## WHAT IS REQUIRED:
In the entries below, how many lines hold the string "Cover"? Answer with the number only.

## Short descriptive text snippets:
....
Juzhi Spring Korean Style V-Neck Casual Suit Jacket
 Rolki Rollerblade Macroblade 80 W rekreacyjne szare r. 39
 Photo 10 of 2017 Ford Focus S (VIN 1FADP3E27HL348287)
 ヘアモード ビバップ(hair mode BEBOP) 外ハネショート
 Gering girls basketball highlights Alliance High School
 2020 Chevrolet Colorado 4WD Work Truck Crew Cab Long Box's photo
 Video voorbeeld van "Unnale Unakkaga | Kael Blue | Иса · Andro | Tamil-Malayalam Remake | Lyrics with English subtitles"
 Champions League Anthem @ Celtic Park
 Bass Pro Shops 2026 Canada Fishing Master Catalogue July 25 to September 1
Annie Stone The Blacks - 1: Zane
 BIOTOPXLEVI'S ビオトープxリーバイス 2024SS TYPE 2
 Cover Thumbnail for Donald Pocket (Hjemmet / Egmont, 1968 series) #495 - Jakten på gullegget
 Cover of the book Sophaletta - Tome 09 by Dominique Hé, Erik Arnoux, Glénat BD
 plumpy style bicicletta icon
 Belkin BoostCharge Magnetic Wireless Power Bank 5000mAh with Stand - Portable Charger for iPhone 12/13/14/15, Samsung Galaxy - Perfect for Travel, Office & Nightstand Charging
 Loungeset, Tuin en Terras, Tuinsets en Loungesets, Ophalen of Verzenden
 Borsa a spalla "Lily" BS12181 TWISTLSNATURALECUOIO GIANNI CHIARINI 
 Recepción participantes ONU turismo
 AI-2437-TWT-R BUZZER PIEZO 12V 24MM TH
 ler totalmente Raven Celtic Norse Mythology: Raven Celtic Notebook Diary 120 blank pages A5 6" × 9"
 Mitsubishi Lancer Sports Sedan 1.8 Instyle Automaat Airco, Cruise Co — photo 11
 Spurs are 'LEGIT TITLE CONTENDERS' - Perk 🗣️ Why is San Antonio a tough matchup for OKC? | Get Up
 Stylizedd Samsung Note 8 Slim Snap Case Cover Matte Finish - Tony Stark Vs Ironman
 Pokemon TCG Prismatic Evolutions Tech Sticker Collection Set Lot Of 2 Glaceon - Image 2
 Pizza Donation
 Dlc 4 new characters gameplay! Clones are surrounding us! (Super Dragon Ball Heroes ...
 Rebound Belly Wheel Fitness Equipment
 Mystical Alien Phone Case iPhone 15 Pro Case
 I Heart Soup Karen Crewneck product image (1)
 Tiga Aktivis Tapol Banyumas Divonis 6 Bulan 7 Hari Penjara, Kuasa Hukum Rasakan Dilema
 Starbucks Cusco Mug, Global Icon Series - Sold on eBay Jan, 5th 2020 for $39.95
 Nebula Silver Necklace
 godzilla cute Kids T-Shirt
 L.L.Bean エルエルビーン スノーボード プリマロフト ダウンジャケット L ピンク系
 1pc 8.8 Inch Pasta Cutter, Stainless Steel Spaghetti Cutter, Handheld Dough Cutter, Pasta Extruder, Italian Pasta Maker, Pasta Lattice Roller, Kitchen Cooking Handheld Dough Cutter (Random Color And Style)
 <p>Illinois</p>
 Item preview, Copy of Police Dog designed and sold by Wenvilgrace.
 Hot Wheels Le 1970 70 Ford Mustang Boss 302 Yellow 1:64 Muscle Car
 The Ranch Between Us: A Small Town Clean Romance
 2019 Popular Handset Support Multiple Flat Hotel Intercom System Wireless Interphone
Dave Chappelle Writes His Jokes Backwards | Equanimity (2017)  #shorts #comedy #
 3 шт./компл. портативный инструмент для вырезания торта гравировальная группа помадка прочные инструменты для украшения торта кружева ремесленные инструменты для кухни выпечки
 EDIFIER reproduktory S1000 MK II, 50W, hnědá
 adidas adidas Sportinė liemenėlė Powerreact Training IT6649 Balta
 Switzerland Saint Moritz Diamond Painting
....
## REPLY TO THE EXERCISE:
3